Which machine learning algorithm should I use?

This resource is designed primarily for beginner to intermediate data scientists or analysts who are interested in identifying and applying machine learning algorithms to address the problems of their interest.

A typical question asked by a beginner, when facing a wide variety of machine learning algorithms, is “which algorithm should I use?” The answer to the question varies depending on many factors, including:

  • The size, quality, and nature of data.
  • The available computational time.
  • The urgency of the task.
  • What you want to do with the data.

Even an experienced data scientist cannot tell which algorithm will perform the best before trying different algorithms. We are not advocating a one-and-done approach, but we do hope to provide some guidance on which algorithms to try first depending on some clear factors.
It completely depends on the dataset we have. If the data is discrete we use SVM. If the dataset is continuous we use linear regression.
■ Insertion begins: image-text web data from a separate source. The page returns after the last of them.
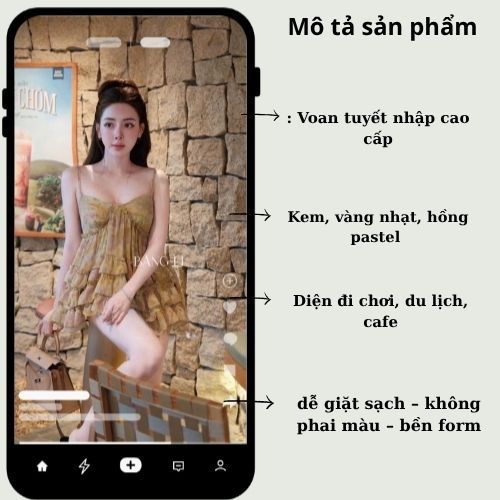 Váy nữ mùa hè tầng ngắn phong cách tiểu thư, đầm 2 dây chất voan mềm nhẹ mặc đi chơi dạo phố siêu xinh HCOM26058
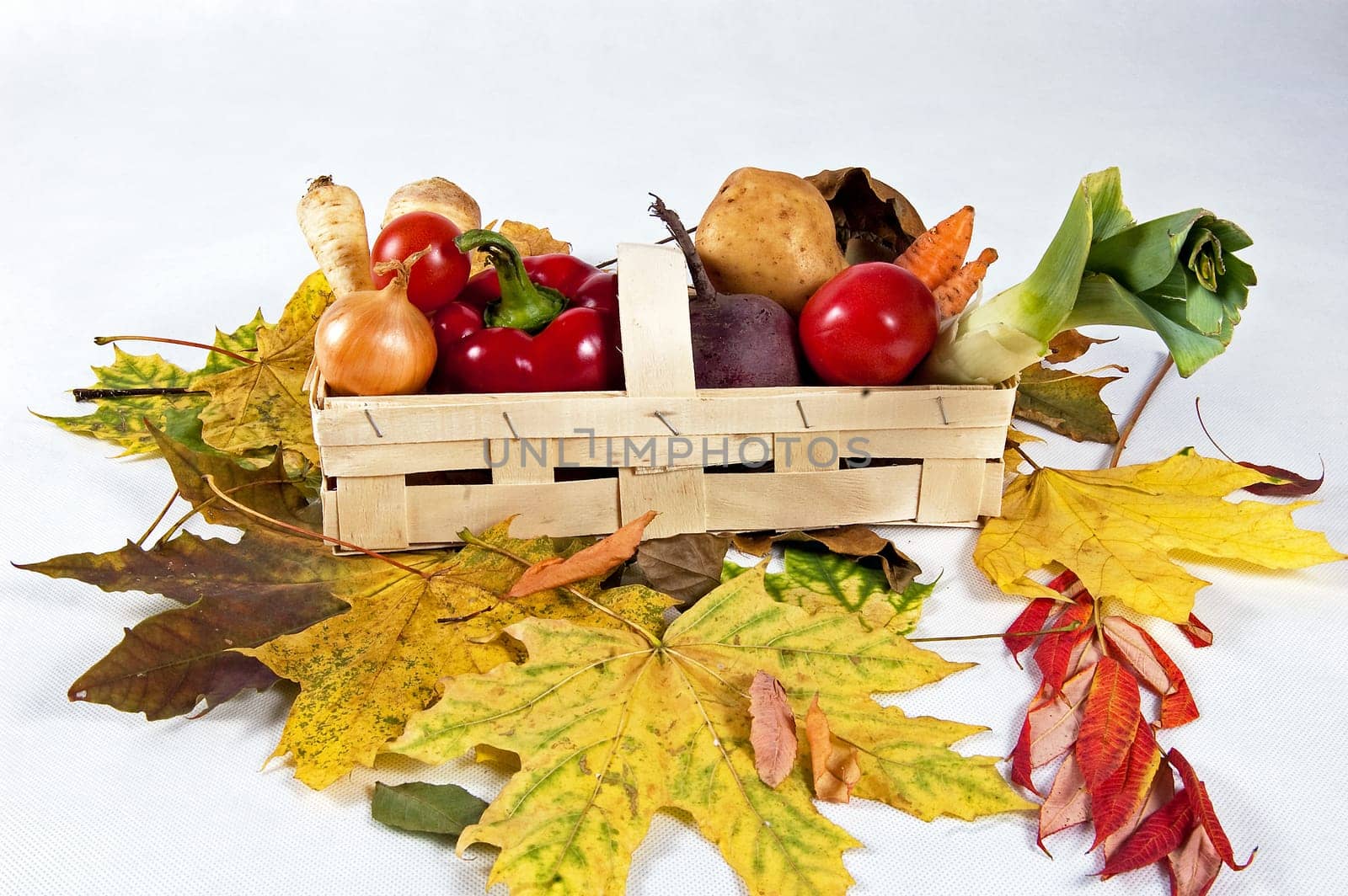 colorful fresh group of vegetables for a balanced diet on a white background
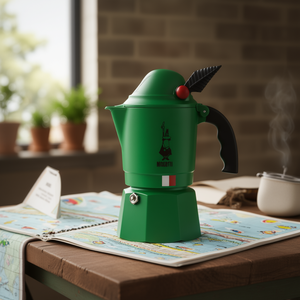 MOKA ALPINA เครื่องชงกาแฟอลูมิเนียมและพลาสติกสไตล์อิตาลี 3 ถ้วย แบบพกพาและมีสต็อก 0002762MR สำหรับการเดินทาง สีเขียว - Product Image 3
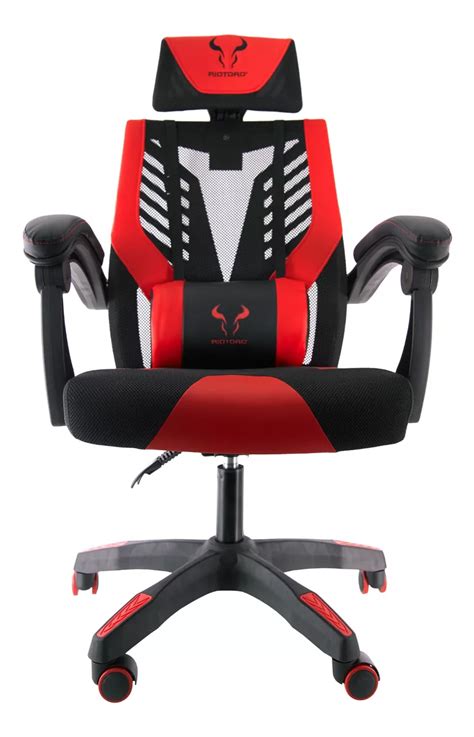 Silla De Escritorio Riotoro M Gamer Ergonomica Negra Y Roja Con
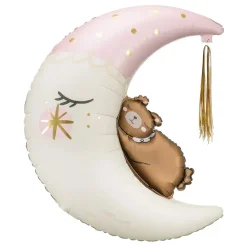 Discount PartyDeco sp. z o.o. Folieballon Teddybjørn på Måne Lyserød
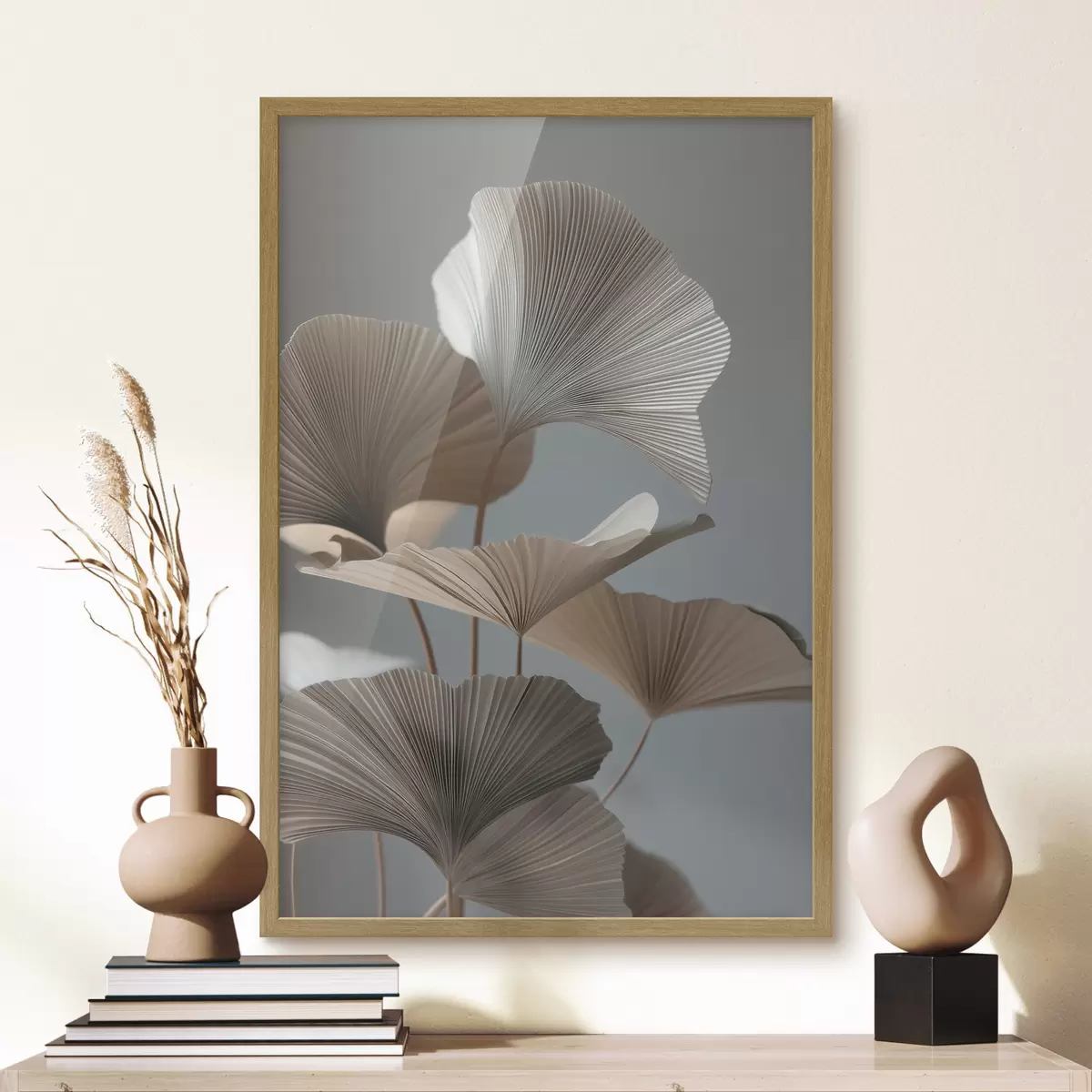 Poster Feuilles minimalistes en forme d'éventail f49972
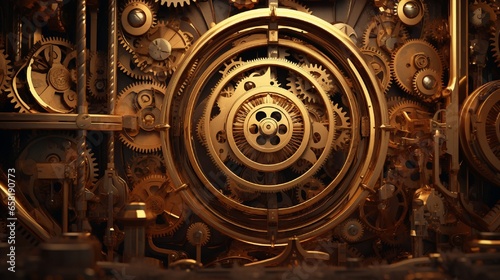 Interlocking gears of a steampunk dreamscape in .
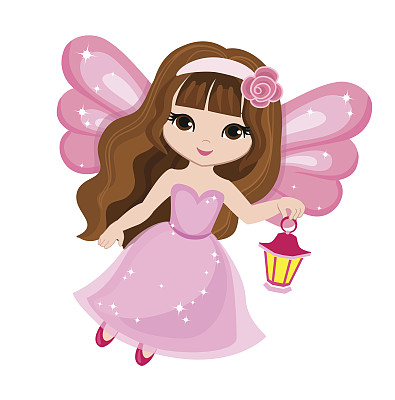 漂亮的小仙女穿着粉红色的裙子，提着灯笼。图片下载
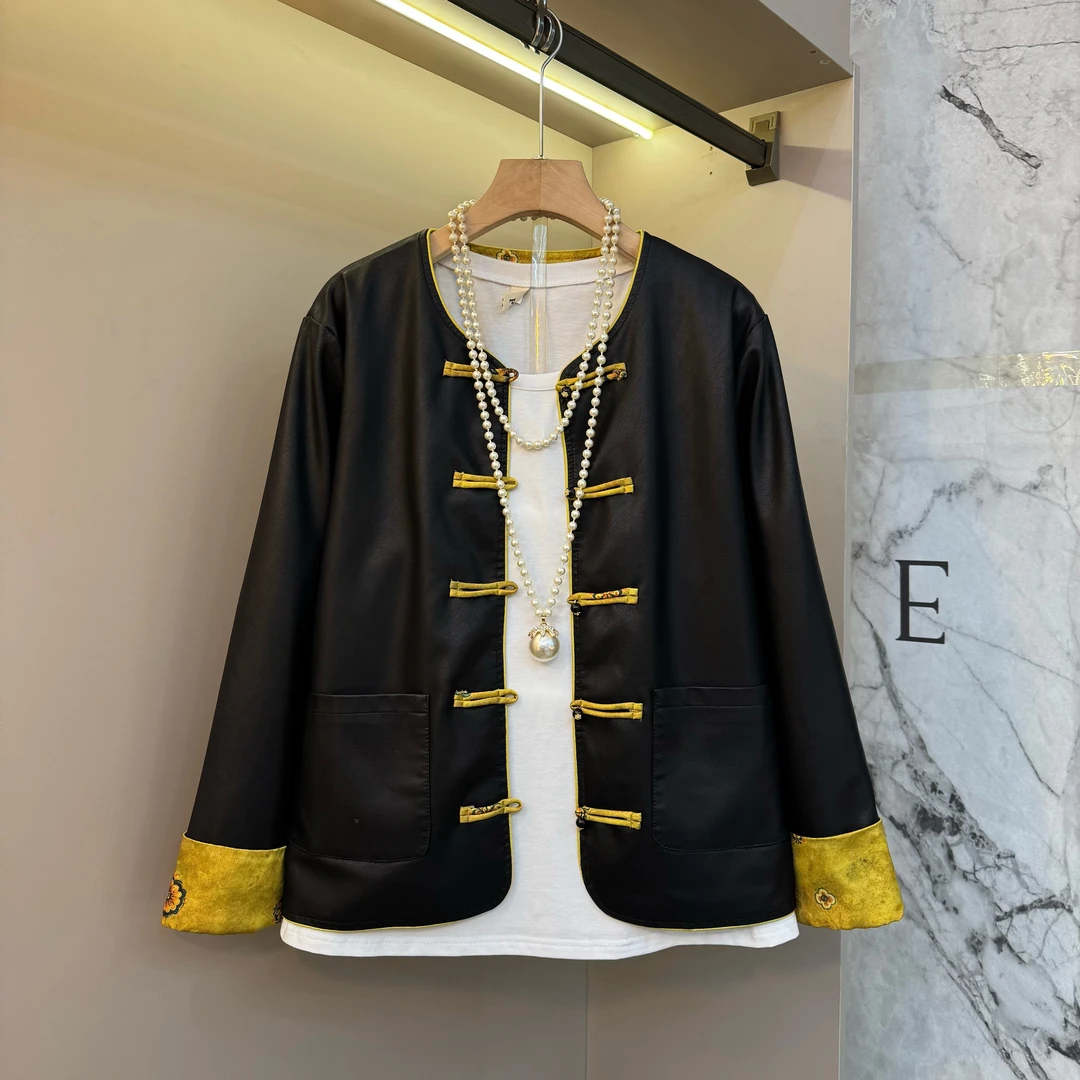 秋新款复古盘国风扣印花设计休闲老钱风宽松百搭显瘦上衣88385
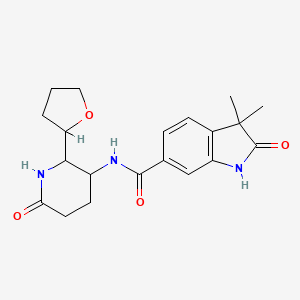 3,3-dimethyl-2-oxo-N-[6-oxo-2-(oxolan-2-yl)piperidin-3-yl]-1H-indole-6-carboxamide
So there is no specific way that lets us know which ML algorithm to use, it all depends on the exploratory data analysis (EDA).

EDA is like “interviewing” the dataset; As part of our interview we do the following:

  • Classify our variables as continuous, categorical, and so forth.
  • Summarize our variables using descriptive statistics.
  • Visualize our variables using charts.

Based on the above observations select one best-fit algorithm for a particular dataset.